En collaboration avec Soramitsu, la NBC a veillé à ce que les transactions avec Bakong soient simples et rapides. Le portefeuille électronique Bakong ne nécessite qu’un numéro de téléphone ou un code QR pour transférer de l’argent ou effectuer un paiement.
Bakong est en quelque sorte un pionnier des paiements numériques, à l’instar d’Alipay en Chine il y a 20 ans. Pour cette raison, et compte tenu du soutien solide dont elle bénéficie de la part du gouvernement cambodgien, nous pensons qu’elle deviendra un élément fondamental de l’infrastructure des paiements numériques du Cambodge.

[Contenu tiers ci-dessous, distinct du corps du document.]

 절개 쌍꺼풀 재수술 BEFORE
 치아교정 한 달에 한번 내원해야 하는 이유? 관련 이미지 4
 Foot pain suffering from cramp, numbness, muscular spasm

Tout est une question d’utilité
Bien que les banques centrales de Chine et d’Inde soient désireuses de promouvoir l’adoption de leurs CBDC respectives, nous ne pensons pas que ces efforts porteront leurs fruits si les consommateurs ne les trouvent pas utiles. La Chine et l’Inde ont déjà réussi à mettre en place une infrastructure de paiement numérique et ni la Banque populaire de Chine (PBOC) ni la RBI n’ont démontré de manière convaincante pourquoi l’utilisation d’une CBDC par les particuliers confère des avantages significatifs aux utilisateurs. En fait, les utilisateurs de détail restent hésitants à utiliser des monnaies fiduciaires numériques parce qu’ils craignent l’utilisation de leurs données et leur confidentialité en général. Les banques centrales qui ne parviennent pas à apaiser ces inquiétudes pourraient voir leurs projets de CBDC continuer à perdre de l’élan.

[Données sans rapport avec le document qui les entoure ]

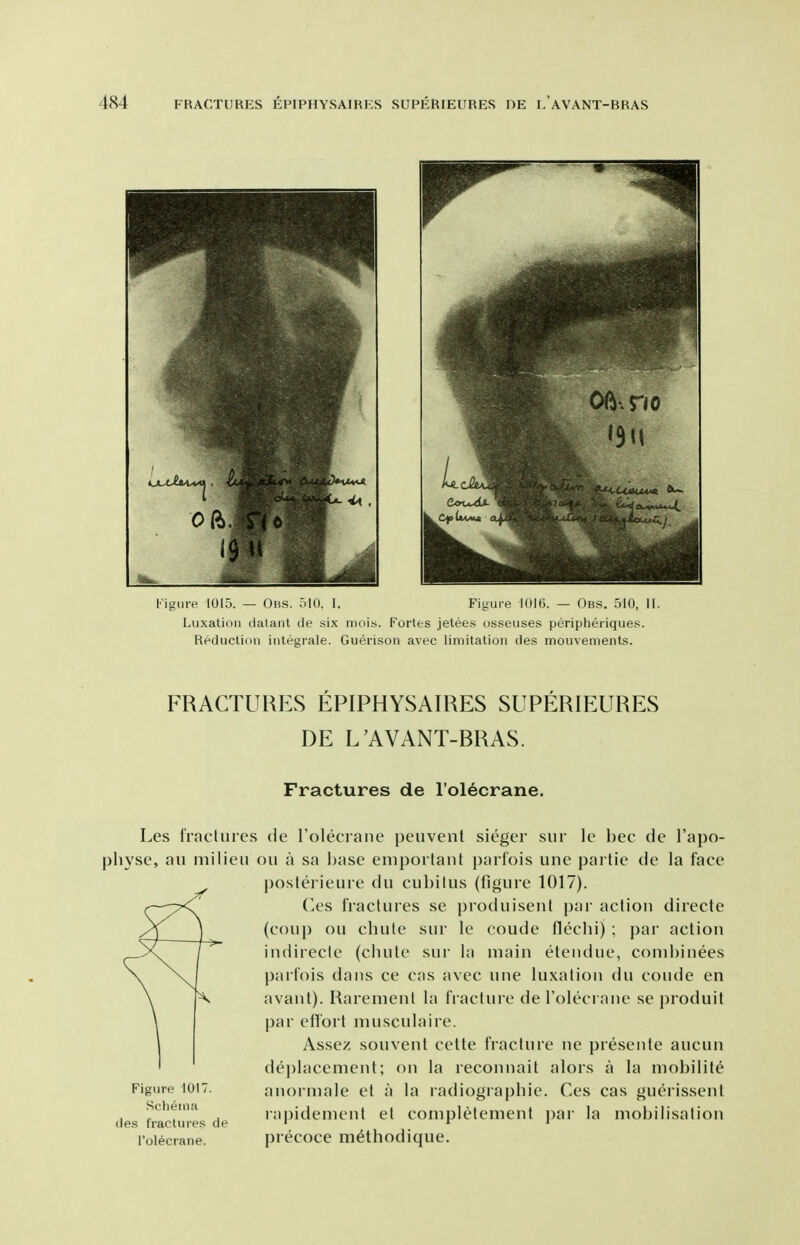 Figure 1015. — Obs. 510, I. Figure lOIG. — Obs. 510, II. Luxation dataiit de six mois. Fortes jetees osseuses peripheriques. Reduction inteorale. Guerison avec limitation des mouvements. FRACTURES EPIPHYSAIRES SUPERIEURES DE L'AVANT-BRAS. Fractures de I'ol^crane. Les fratiiires de I'oleciaiie peiivenl sieger siir le bee cle I'apo- pliyse, ail milieu ou a sa l)ase emportant parfois une partie de la face posterieure du cubitus (figure 1017). (k'.s fractures se produisenl par action directc (coup ou cluite sur le coude flechi) ; par action indirecte (clnile sui- la main eteudue, combiuees parfois dans ce cas avec une luxation du coude en avant). Raremenl la fracture derolecraue se jiroduit par effort musculaire. Assez souvent cette fracture ne presente aucun deplacement; on la reconnail alors a la mobilite Figure 1017. auormale et a la radiograpbie. Ces cas guerissent Schema rapidenieut el completement i)ar la mobilisation des fractures de ' r i roiecrane. precocc mcthodique.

Alors que le Japon et la Corée du Sud continuent d’expérimenter le yen numérique et le won numérique dans le cadre de projets pilotes, en tant qu’économies avancées, ils ont encore moins d’utilité pratique pour une CBDC de détail que la Chine et l’Inde. Le Japon a certes des objectifs ambitieux en matière de dématérialisation, mais il peut les atteindre grâce à l’infrastructure de paiement numérique existante. Il lui suffit de stimuler l’adoption de cette monnaie. Construire une nouvelle infrastructure pour une monnaie fiduciaire numérique serait excessif.
Cela dit, il existe un pays en développement en Asie du Sud-Est susceptible d’adopter une CBDC de la même manière que le Cambodge : c’est le Laos. En fait, le Laos travaille sur un projet pilote de CBDC avec Soramitsu qui a débuté en 2023.
Les CBDC sont particulièrement adaptées aux pays qui ont des besoins urgents en matière d’inclusion financière et dont les infrastructures de paiement sont limitées. Le Laos remplit ces deux conditions. Son PIB par habitant est d’environ 2 600 dollars, soit plus que celui du Cambodge et de la Birmanie, mais derrière celui de tous les autres pays d’Asie de l’Est. De plus, moins de 30 % de la population adulte du Laos possède un compte bancaire.
L’adoption d’un KIP numérique présente un autre avantage potentiel pour le Laos. Si Soramitsu met en œuvre une version similaire du projet Bakong au Laos, le fait de disposer de la même infrastructure CBDC pourrait faciliter les paiements transfrontaliers fluides entre le Laos et le Cambodge.
Quant au lancement du kip numérique, il reste incertain pour l’instant, car le projet pilote est toujours en cours – dans sa deuxième phase – et la banque centrale laotienne n’a pas encore fait de commentaires à ce sujet. Cependant, étant donné que le Laos dispose d’une stratégie nationale de développement économique numérique pour 2021-2030, il est probable que si le Laos va de l’avant avec un kip numérique, il le fera d’ici la fin des années 2020.